Knowing what the problem was, Schaeffer was able to enroll the man into the national health insurance plan and get help from a group of American dermatologists and plastic surgeons treating patients in the region. The man received a full evaluation, amputation of the infected limb, and rehabilitation after the surgery. “The man now gets around using crutches and works to make an income, which is a huge improvement from his previous state where he didn’t leave his house,” Schaeffer continued. “This really made me understand that I was able to make a tangible difference in someone's life, and that even though I felt overwhelmed at first, I was able to make a huge impact in the man’s quality of life.” 

PHOTO: African child

Schaeffer has already established plans with UNiTED to return to Ghana after graduation. “I am set to return for a six month project creating a boat ambulance system to fulfill the great need for access to healthcare on the island communities in Kpando and along the Volta River,” explained Schaeffer. “I am taking eight Harrisonburg Rescue Squad members with me, each for three week increments, to assist with varying parts of the project design and implementation.” Schaeffer will also be taking a greater role in UNiTED, helping to organize the experiences and projects for other incoming volunteers.
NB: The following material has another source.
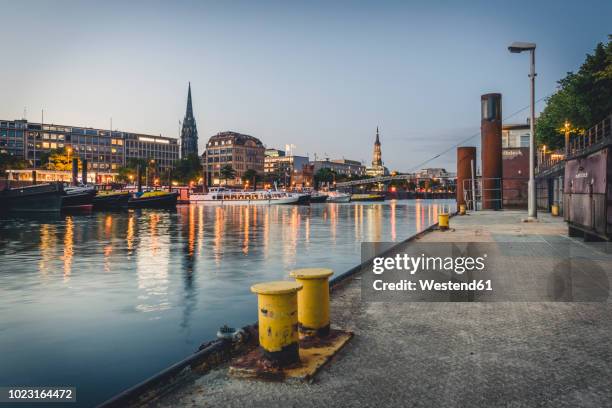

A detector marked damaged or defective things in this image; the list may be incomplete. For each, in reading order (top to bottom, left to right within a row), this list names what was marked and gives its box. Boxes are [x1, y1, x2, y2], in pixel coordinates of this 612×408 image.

rusty metal post [454, 147, 478, 209]
rusty metal post [480, 94, 504, 210]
After returning from this project, Schaeffer plans to apply to medical schools to continue his education. While he is not completely sure what will happen after that, he has not ruled out the possibility of permanently moving to another country to practice medicine. “My experience of working in Ghana helped me gain a better sense of myself and my place in our world, as well as a greater confidence in my ability to be independent outside of my comfort zone,” Schaeffer added. “I hope that other JMU students and Americans can become more worldly and aware of our extended family on this planet.”